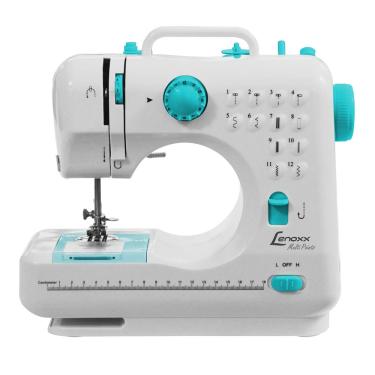 Imagem de Máquina de Costura Lenoxx Multi Points PSM101 - Branca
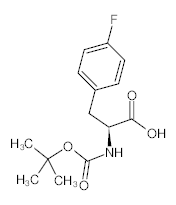 罗恩/Rhawn Boc-L-4-氟苯丙氨酸，R011509-1g CAS:41153-30-4，99%，1g/瓶 售卖规格：1瓶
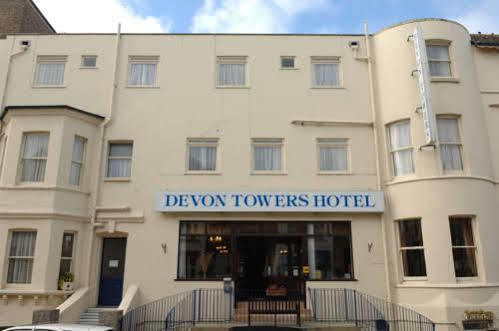 Devon Towers Otel Bournemouth Dış mekan fotoğraf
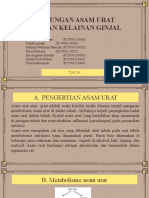 Hubungan Asam Urat Dengan Kelainan Ginjal Fix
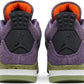 AIR JORDAN 4 RETRO 'CANYON PURPLE' (Women)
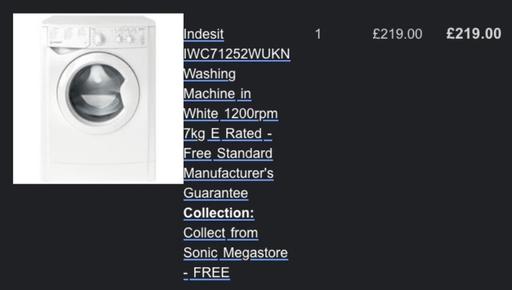 Buy & Sell Manningham Bradford - Photos for Washing machine - perfect condition working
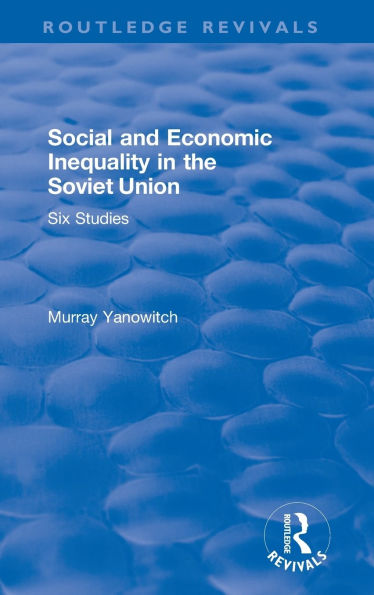 Social and Economic Inequality the Soviet Union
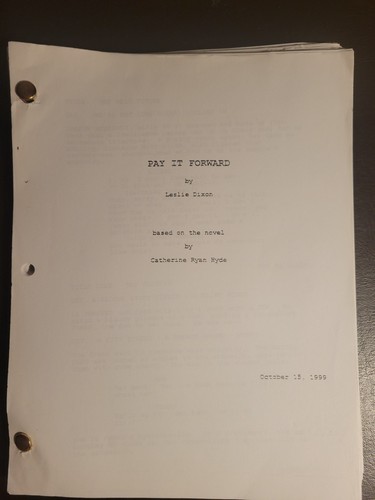 Pay forward script - pay,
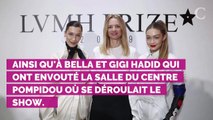 PHOTOS. Tous les looks de Gigi Hadid et Bella Hadid à la Fashion Week de Paris
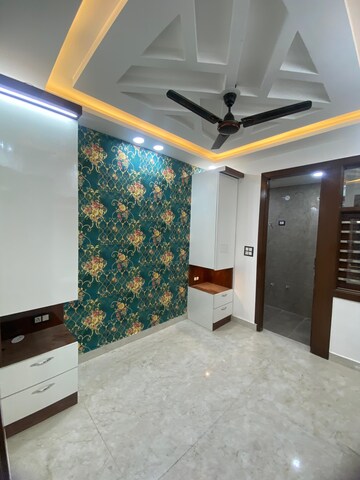 Bedroom in 2 BHK Builder Floor at Dwarka Mor – for Sale
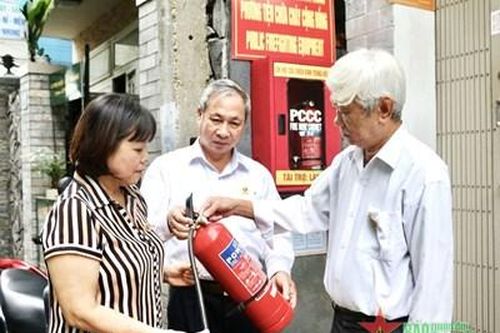 Mô hình phòng cháy, chữa cháy thiết thực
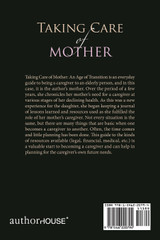 Taking Care of Mother Taking Care of Mother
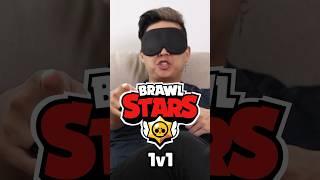 BLINDFOLDED 1v1 in Brawl Stars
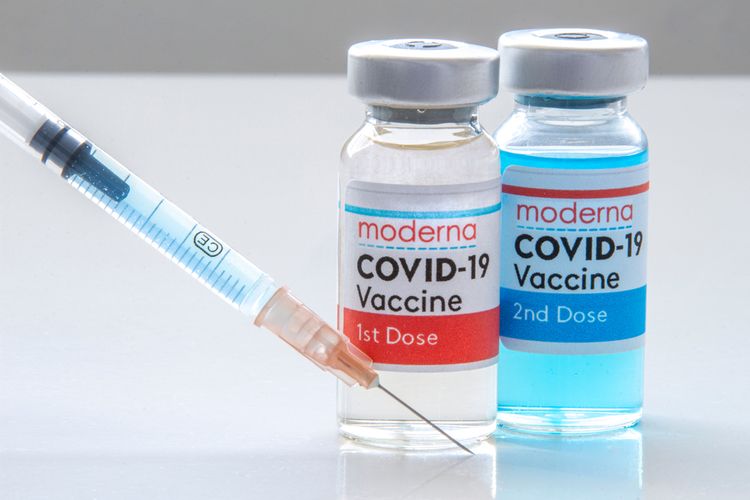 Daftar vaksin moderna jakarta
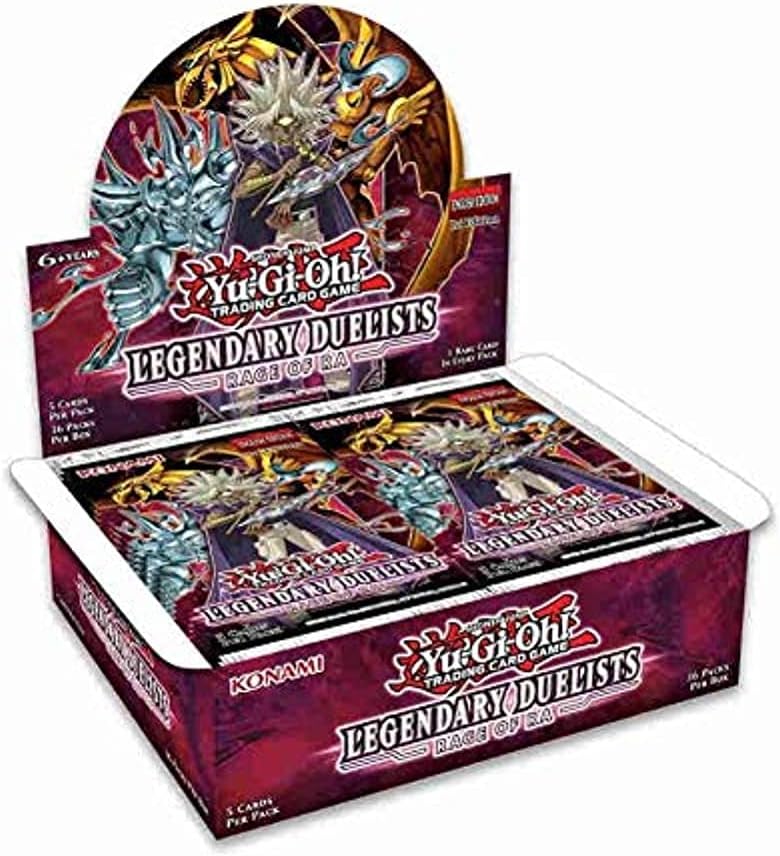 YGO- Legendary Duelist Rage of Ra Booster Pack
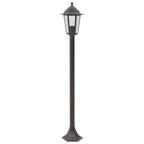 Paalverlichting Voor Tuin E27 110 Cm Aluminium 6 St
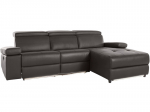 Kolmekohaline diivan Loft Rayland, pruun
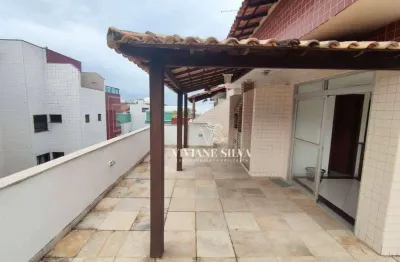 Cobertura com 4 dormitórios à venda, 160 m² por r$ 900.000,00 - passagem - cabo frio/rj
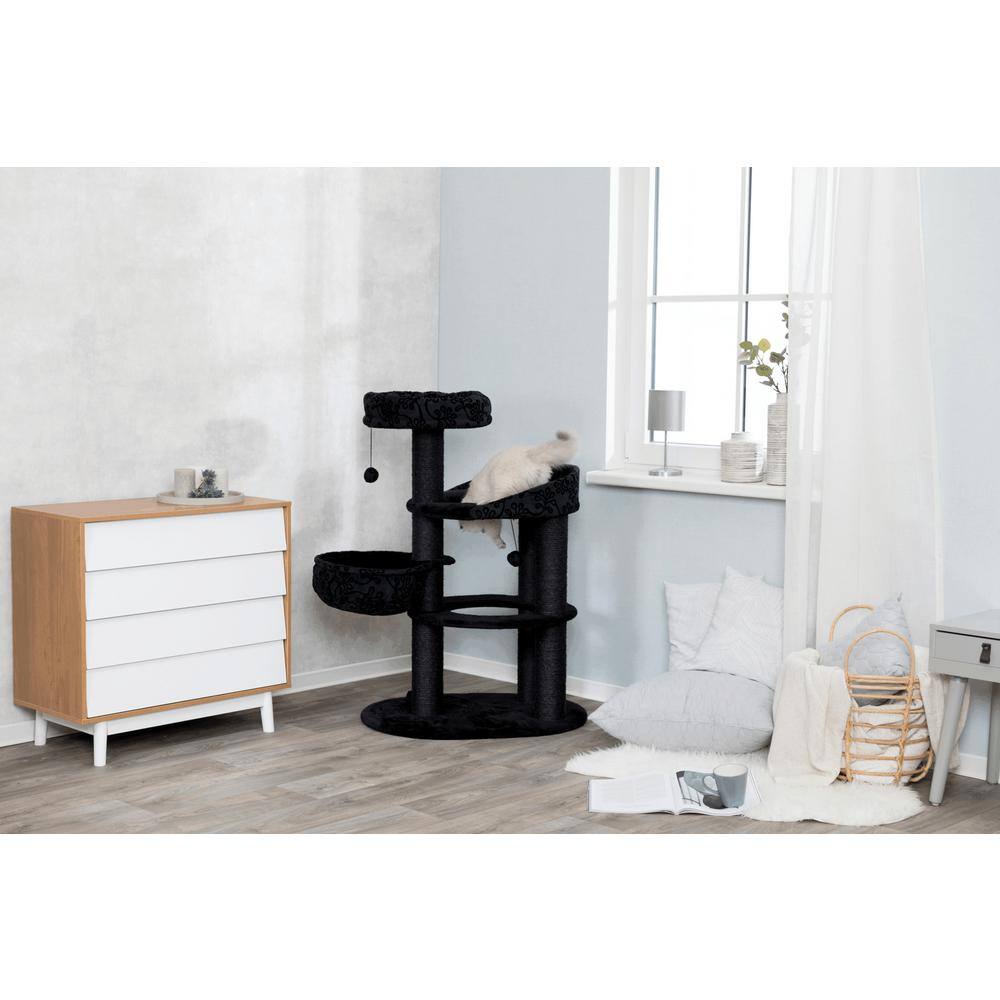 TRIXIE Black/Gray Filippo Cat Tree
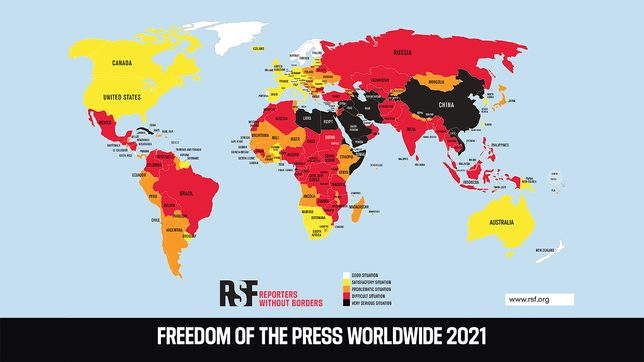 PH slips further in World Press Freedom index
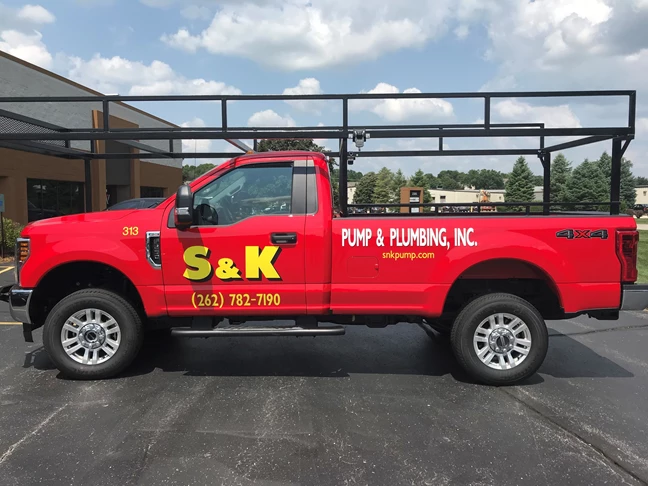 Fleet Graphics & Wraps | Service and Trade Organizations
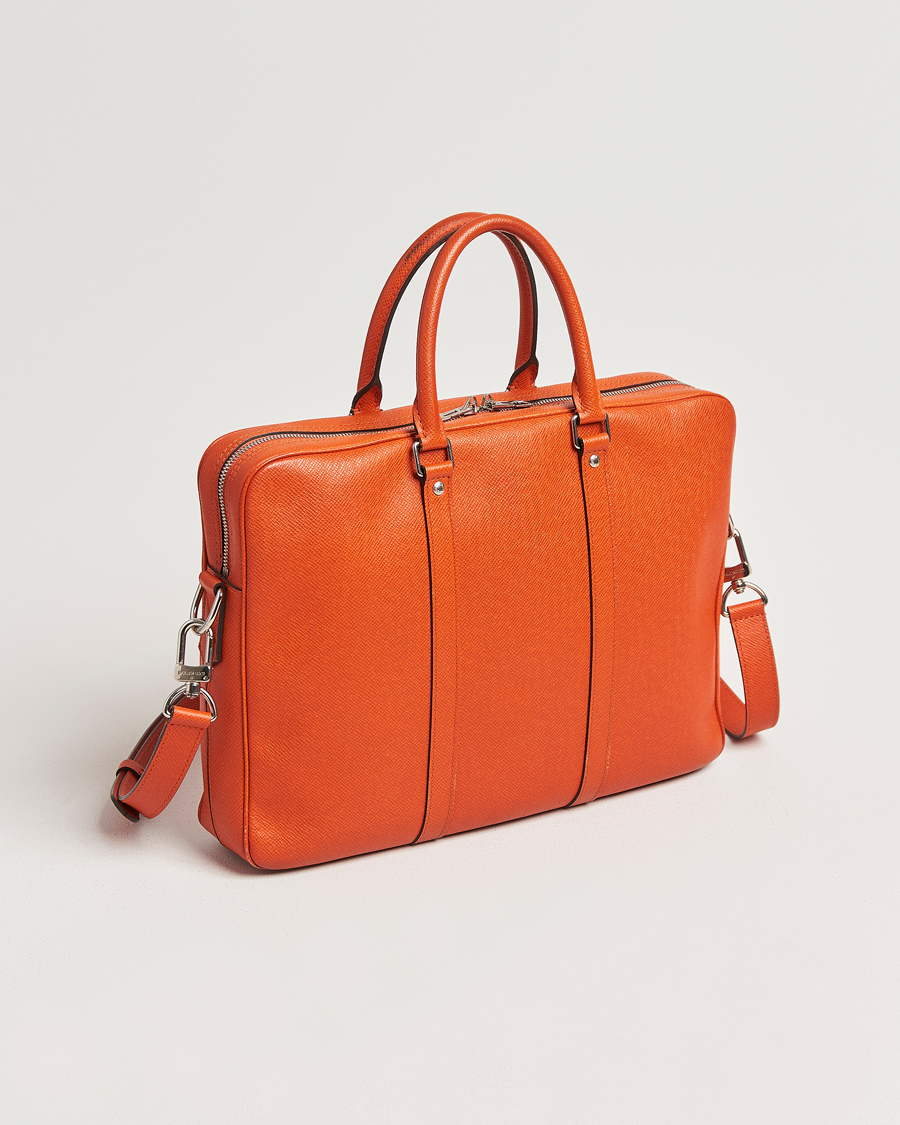 Heren | Louis Vuitton Pre-Owned Porte Documents Voyage Briefcase | Louis Vuitton Pre-Owned | Porte Documents Voyage Briefcase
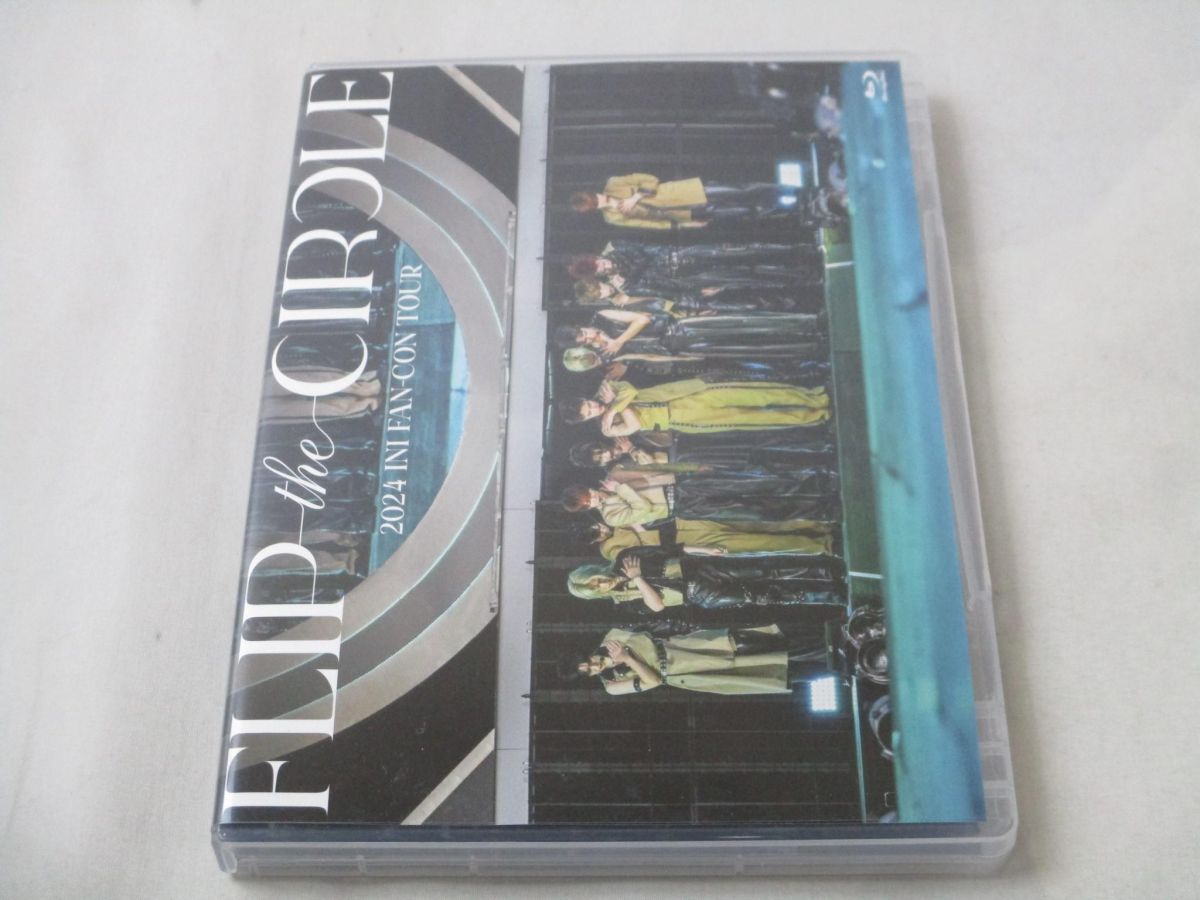 中古品 アーティスト Blu-ray 2024 INI FAN-CON TOUR [FLIP THE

========================

*Description of the task:* Without including any pictures, return every line of the records exactly.

*Response for this exercise:*
 Imagem de Máquina de Costura Lenoxx Multi Points PSM101 - Branca
 罗恩/Rhawn Boc-L-4-氟苯丙氨酸，R011509-1g CAS:41153-30-4，99%，1g/瓶 售卖规格：1瓶
 Devon Towers Otel Bournemouth Dış mekan fotoğraf
 Hubungan Asam Urat Dengan Kelainan Ginjal Fix
 AIR JORDAN 4 RETRO 'CANYON PURPLE' (Women)
 Buy & Sell Manningham Bradford - Photos for Washing machine - perfect condition working
 Social and Economic Inequality the Soviet Union
 Pay forward script - pay,
 PHOTOS. Tous les looks de Gigi Hadid et Bella Hadid à la Fashion Week de Paris
 Bedroom in 2 BHK Builder Floor at Dwarka Mor – for Sale
 Mô hình phòng cháy, chữa cháy thiết thực
 Taking Care of Mother Taking Care of Mother
 BLINDFOLDED 1v1 in Brawl Stars
 Daftar vaksin moderna jakarta
 YGO- Legendary Duelist Rage of Ra Booster Pack
 Paalverlichting Voor Tuin E27 110 Cm Aluminium 6 St
 Kolmekohaline diivan Loft Rayland, pruun
 Cobertura com 4 dormitórios à venda, 160 m² por r$ 900.000,00 - passagem - cabo frio/rj
 TRIXIE Black/Gray Filippo Cat Tree
 PH slips further in World Press Freedom index
 Fleet Graphics & Wraps | Service and Trade Organizations
 Heren | Louis Vuitton Pre-Owned Porte Documents Voyage Briefcase | Louis Vuitton Pre-Owned | Porte Documents Voyage Briefcase
 中古品 アーティスト Blu-ray 2024 INI FAN-CON TOUR [FLIP THE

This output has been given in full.